Seascape 1: colour

These color seascapes are of Encounter Bay on the southern Fleurieu Peninsula in South Australia. All the images of the southern ocean in the series were made early in the morning from Rosetta Head (Kongkengguwarr) using a Rolleiflex SL66 medium format camera, a Gitzo systematic tripod and Kodak Portra 160 ASA film. It’s a long term series.

The central reference point for the series is Gerhard Richter’s photo-realist Seestücks [Seascapes — especially Seestück (leicht bewölkt) Seascape (Slightly Cloudy) ] — Richter painted his first seascape in 1968 and he went on to compose many of the works in the years between 1968 and 1998 in different formats, colors, and styles. Some of these images were combinations from two different photographs – mixing and matching skies and seas until Richter found a good combination.
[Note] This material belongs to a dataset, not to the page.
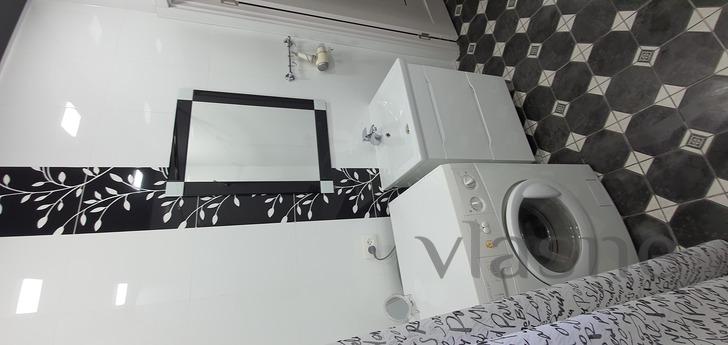 3 bedroom apartment French Boulevard, Odessa - apartment by the day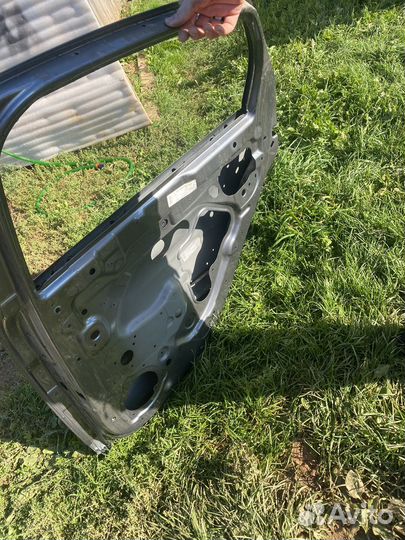 Дверь задняя правая веста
The Seestücks are paintings constructed in a way that resembles photography.

The Richter series refers back to both the work of Caspar David Friedrich, the poster boy of 19th-century German romanticism, and to the French researcher and photographer Gustave Le Gray in the 19th century whose seascapes used one negative for the water and another negative for the sky.

The most notable Australian seascapes were those made by Frank Hurley whilst on Ernest Shackleton’s Imperial Trans-Antarctic Expedition in 1914. The Endurance became trapped in pack ice in the Weddell Sea and the men never landed on the Antarctic mainland.

The more recent seascapes are the seascapes by Jon Bodin (Victoria) and those by David Hume (South Australia).